Facing a total over 500, the home side’s chances rest on a extraordinary set of circumstances over the next two days
Western Australia 0 for 46 trail Tasmania 514 (Webster 135*, Doran 123, Wade 90, Bird 64) by 468 runs
Western Australia’s hopes of making the Sheffield Shield final appeared to have all-but ended on a dispiriting second day against Tasmania as centuries from Jake Doran and Beau Webster piled up a huge total at the WACA.
Doran was the star of the initial part of the day with a career-best, but it was the stand of 125 between Webster and Jackson Bird for the ninth wicket that really broke the home side after they’d had a chance of keeping Tasmania to around 400 (although Western Australia had opted to bowl) that would have at least provided a realistic chance of competing.

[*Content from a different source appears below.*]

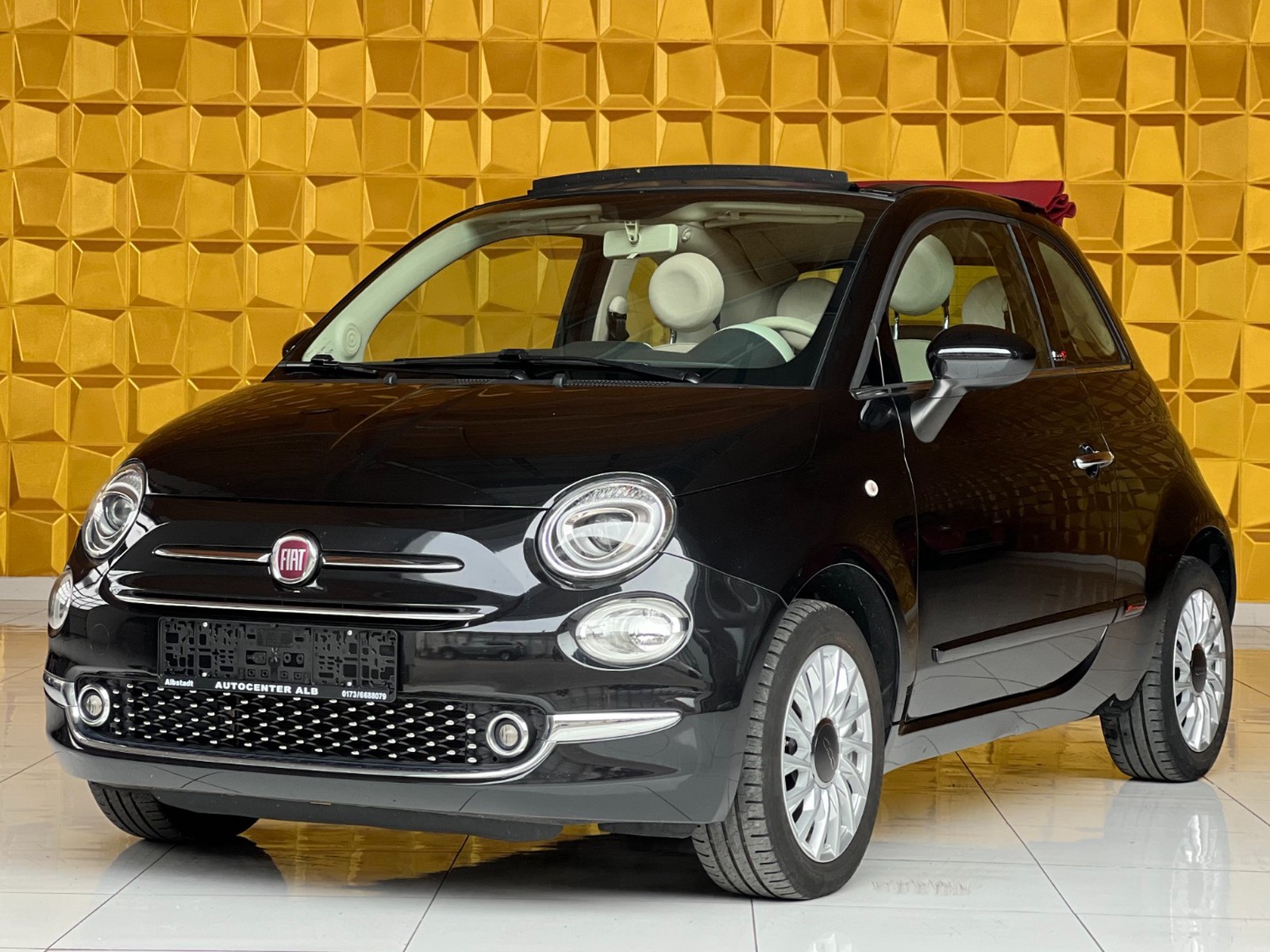 Fiat 500 Lounge CABRIO /KLIMA/TEMPOMAT/EURO 6/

Instead, after finally ending a back-breaking 160 overs in the field – for much of the time being without the injured Joel Paris while Matt Kelly also looked to be struggling – their only chance appeared to be getting past the follow-on as quickly as possible (and that requires them to score 365) then either managing to skittle Tasmania in the second innings or hoping they would be agreeable to a final-day run chase.
Either of those scenarios were a long way off at stumps although Cameron Bancroft and Sam Whiteman had been able to get through 19 overs unscathed. With a batting line-up that also features Shaun Marsh, Cameron Green, Mitchell Marsh and Josh Inglis they at least have the pedigree to score big and at a decent rate.
A long day began with Matthew Wade in sight of a hundred but he fell shortly before the new ball was due when he edged behind off Ashton Agar then Tim Paine could not believe it when he was given caught down the leg side which left Tasmania 5 for 253.
Doran went to 98 with a six off Agar and two balls later brought up his second century of the season from 239 balls. He was finally removed after 288 deliveries when he edged Lance Morris from round the wicket.
Jarrod Freeman collected his third duck in three innings and after a frustrating stand of 52, Lawrence Neil-Smith fended to gully to give Mitchell Marsh his first wicket – but if Western Australia thought they would soon be off the field, they were in for a shock.
Webster played superbly to make his sixth first-class hundred from 130 balls but it was Bird who dominated much of the ninth-wicket stand as he registered a career-best for the second match in a row.
When the weary home attack could finally walk off the field it was clear that barring an extraordinary set of circumstances their hopes of a first Sheffield Shield title since 1998-99 would have to wait another season.